When Tammy Sadinsky was made head of marketing for Tim Hortons in Canada last November, she inherited an agency partnership model that had been shifting away from its long-established single-agency history.
The QSR has a long relationship with agency of record J. Walter Thompson, but in recent years it had started working with Taxi, for example, which created activation-focused work that also drove earned media impressions.
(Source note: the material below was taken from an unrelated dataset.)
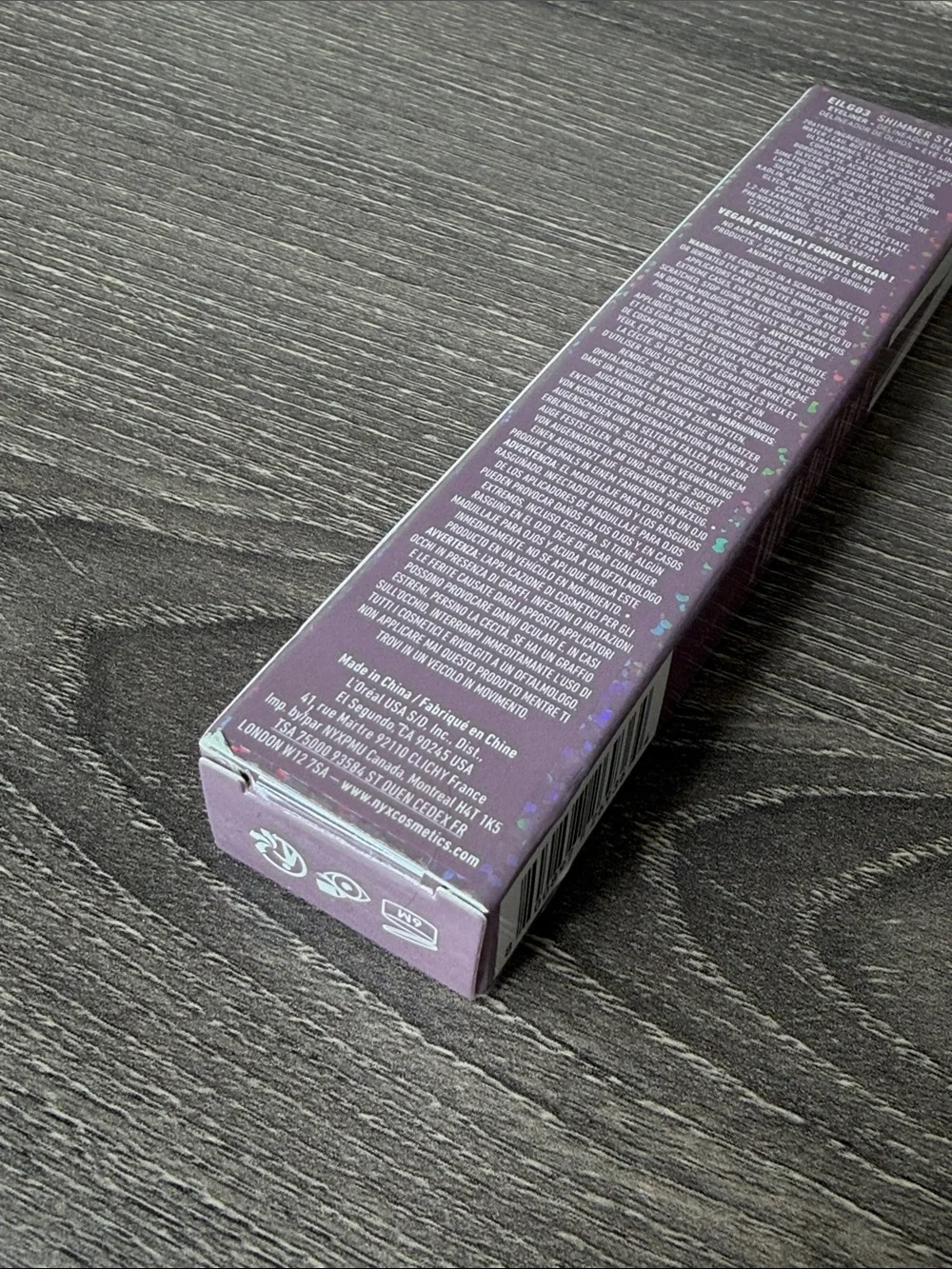 ❤️$5 NWT NYX Epic Ink Liner Glitz Waterproof Eyeliner in Shimmer Stitch 1ml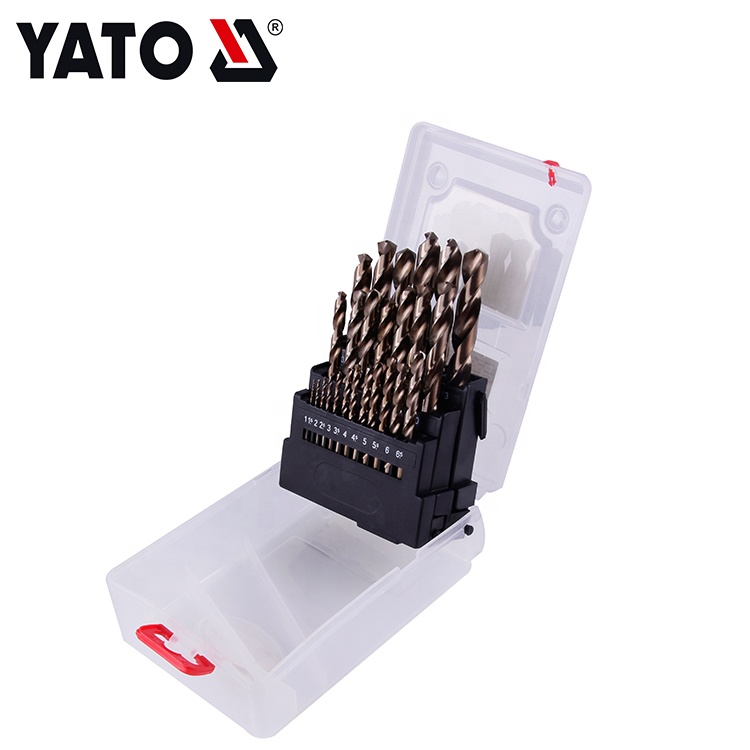 Brocas hss-cobalto 25 pzs 1-13mm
More recently, Ogilvy led another PR/activation campaign to announce the coffee shop’s new latte product.
This has not pushed J. Walter Thompson to the fringes by any means (it is still overseeing national marketing work for big brand pillars), but it’s clear the coffee chain has committed to doing things differently.
Sadinsky sees this multi-agency operation in terms of its pros and cons and knows how she wants it to change.
“The good side is always bringing new thinking to the table, and you’re always making your other agencies better because they don’t become complacent,” she says. “I think JWT and Tims both needed a bit of a wake-up on that.
“I would say, though, that the downside is you lose consistency. You start to work with your agency partners transactional-y, as opposed to strategically.”
The trick, she says, is to move past this transaction-based relationship, and she’s relying on her experience with another large marketing organization in the U.S. to guide her.
“I worked for General Mills in the U.S. for many years and one of the things they did very well was they named one agency an agency navigator. The navigator was in charge of the strategy, and the other expert agencies, like PR or digital, would all be around the table. I found that model was very successful.
“That’s where I would like to get to, where I’ve got great thought partners at the top that are co-creating work, ensuring that briefs are inspirational and that we’re getting the best work. Then I’d like to make sure I have the best of the best from an integrated standpoint under that.”